“Ho, slaves! Put the canoe about; yonder are those whom I would meet,” Hualpa shouted.
The vessel was headed to the south. A long distance had to be passed, and in the time the ambassador recovered himself. Lying down again, and twanging the chord of his bow, he endeavored to compose a speech to accompany the delivery of the vase to Tula. But his thoughts would return to his own love; the laugh with which Io’ received his explanation flattered him; and, true to the logic of the passion, he already saw the vase accepted, and himself the favored of Nenetzin.

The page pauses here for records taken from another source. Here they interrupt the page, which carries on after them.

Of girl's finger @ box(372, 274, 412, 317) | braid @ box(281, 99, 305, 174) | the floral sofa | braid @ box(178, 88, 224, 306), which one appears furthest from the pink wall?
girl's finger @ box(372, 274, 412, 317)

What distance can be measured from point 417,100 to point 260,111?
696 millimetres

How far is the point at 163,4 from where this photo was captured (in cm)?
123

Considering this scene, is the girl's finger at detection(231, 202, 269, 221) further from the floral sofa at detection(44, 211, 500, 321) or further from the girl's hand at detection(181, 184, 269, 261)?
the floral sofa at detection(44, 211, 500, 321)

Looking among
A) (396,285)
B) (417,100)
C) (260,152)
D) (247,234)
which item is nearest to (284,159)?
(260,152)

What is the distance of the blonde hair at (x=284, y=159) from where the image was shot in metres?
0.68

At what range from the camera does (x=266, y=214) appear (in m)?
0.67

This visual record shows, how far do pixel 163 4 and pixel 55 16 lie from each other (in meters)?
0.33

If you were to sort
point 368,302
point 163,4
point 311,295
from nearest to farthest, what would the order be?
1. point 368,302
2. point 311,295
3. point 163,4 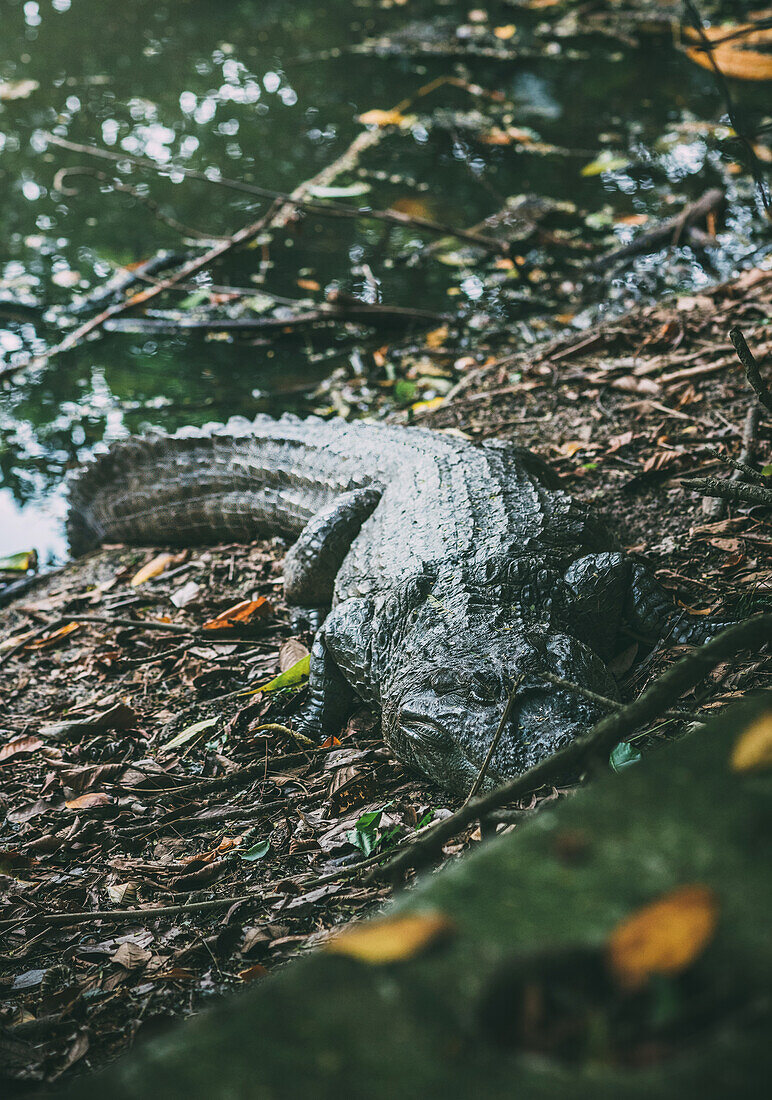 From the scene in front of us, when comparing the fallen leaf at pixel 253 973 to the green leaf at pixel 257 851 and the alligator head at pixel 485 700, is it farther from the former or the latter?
the alligator head at pixel 485 700

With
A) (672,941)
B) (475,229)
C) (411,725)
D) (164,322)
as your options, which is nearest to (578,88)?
(475,229)

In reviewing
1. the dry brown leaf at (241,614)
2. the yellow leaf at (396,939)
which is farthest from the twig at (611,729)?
the dry brown leaf at (241,614)

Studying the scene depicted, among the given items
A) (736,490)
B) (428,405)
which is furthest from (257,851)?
(428,405)

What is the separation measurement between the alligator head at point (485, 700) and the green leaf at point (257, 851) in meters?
0.53

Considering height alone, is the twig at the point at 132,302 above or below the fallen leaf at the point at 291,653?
above

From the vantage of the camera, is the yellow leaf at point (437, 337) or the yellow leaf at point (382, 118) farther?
the yellow leaf at point (382, 118)

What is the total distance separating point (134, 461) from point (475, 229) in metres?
4.32

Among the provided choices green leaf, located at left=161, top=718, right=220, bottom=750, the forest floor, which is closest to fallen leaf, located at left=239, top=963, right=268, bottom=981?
the forest floor

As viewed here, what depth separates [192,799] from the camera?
114 inches

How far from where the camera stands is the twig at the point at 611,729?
1.30 m

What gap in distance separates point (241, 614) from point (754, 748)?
3238 millimetres

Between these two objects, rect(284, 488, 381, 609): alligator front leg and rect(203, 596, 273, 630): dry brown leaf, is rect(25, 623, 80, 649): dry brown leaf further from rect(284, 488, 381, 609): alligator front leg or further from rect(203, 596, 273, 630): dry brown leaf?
rect(284, 488, 381, 609): alligator front leg

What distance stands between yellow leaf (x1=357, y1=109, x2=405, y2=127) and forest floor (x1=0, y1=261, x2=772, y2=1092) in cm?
642

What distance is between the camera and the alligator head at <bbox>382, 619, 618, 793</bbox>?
2297 mm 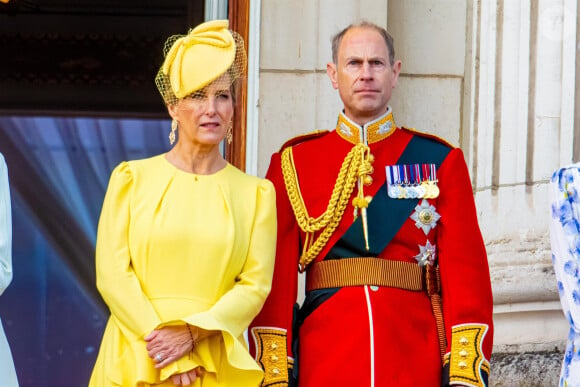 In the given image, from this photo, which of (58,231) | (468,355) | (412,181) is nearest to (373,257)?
(412,181)

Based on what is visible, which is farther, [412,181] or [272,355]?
[412,181]

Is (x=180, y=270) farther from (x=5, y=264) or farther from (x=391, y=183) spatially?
(x=391, y=183)

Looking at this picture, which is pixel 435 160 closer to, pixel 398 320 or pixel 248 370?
pixel 398 320

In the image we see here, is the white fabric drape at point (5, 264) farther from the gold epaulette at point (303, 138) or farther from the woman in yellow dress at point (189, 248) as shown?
the gold epaulette at point (303, 138)

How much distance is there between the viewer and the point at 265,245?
5.84 metres

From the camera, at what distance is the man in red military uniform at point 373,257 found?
19.4ft

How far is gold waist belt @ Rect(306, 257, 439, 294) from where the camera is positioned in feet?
19.6

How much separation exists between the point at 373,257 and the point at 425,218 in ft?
0.72

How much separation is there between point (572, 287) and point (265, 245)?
105 cm

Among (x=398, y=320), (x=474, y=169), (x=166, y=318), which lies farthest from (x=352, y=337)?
(x=474, y=169)

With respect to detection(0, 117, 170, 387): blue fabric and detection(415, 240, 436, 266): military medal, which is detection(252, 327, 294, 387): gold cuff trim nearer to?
detection(415, 240, 436, 266): military medal

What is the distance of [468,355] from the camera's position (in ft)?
19.2

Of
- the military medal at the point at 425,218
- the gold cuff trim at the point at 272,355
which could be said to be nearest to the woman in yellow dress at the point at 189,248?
the gold cuff trim at the point at 272,355

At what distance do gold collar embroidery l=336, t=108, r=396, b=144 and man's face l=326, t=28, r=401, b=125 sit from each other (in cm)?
2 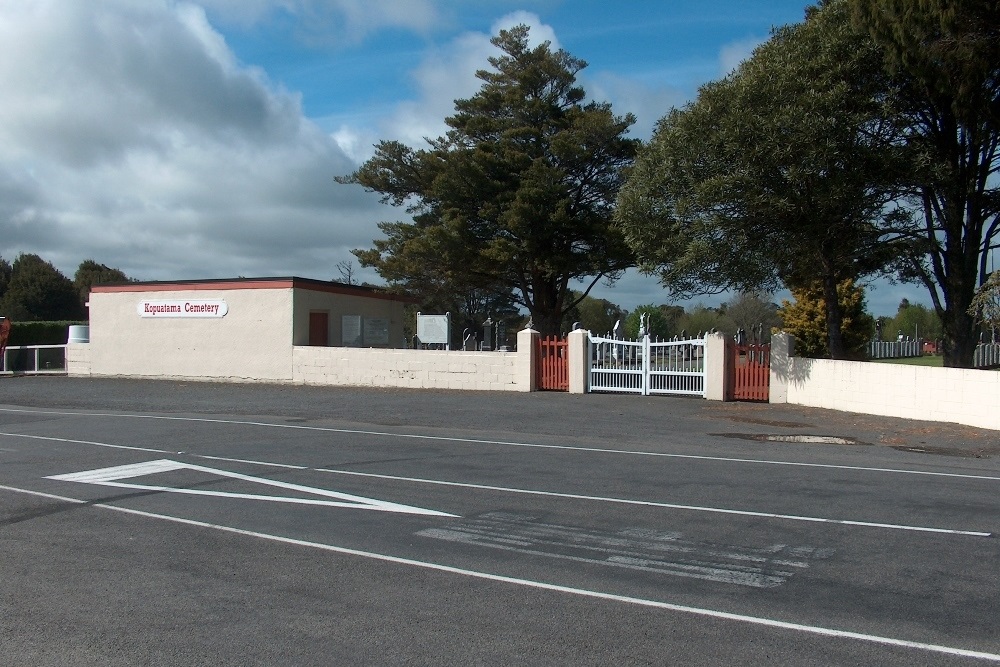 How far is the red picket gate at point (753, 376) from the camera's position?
23.5 meters

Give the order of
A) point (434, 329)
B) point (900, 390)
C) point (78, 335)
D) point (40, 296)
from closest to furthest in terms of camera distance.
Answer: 1. point (900, 390)
2. point (434, 329)
3. point (78, 335)
4. point (40, 296)

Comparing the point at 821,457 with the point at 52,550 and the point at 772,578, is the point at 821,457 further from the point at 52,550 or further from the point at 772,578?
the point at 52,550

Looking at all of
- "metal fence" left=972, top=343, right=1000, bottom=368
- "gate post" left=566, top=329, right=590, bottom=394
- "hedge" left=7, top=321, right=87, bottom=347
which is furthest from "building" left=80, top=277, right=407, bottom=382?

From that point the world of dreams was but a step distant; he took the step, but was brought back by Io’.
“They recognize us; Nenetzin waves her scarf!”
The approaching vessel was elegant as the art of the Aztecan shipmaster could make it. The prow was sculptured into the head and slender, curved neck of a swan. The passengers, fair as ever journeyed on sea wave, sat under a canopy of royal green, above which floated a panache of long, trailing feathers, colored like the canopy. Like a creature of the water, so lightly, so gracefully, the boat drew nigh the messengers. When alongside, Io’ sprang aboard, and, with boyish ardor, embraced his sisters.
“What has kept you so?”
“We stayed to see twenty thousand warriors cross the causeway,” replied Nenetzin.
“Where can they be going?”
“To Cholula.”
The news excited the boy; turning to speak to Hualpa, he was reminded of his duty.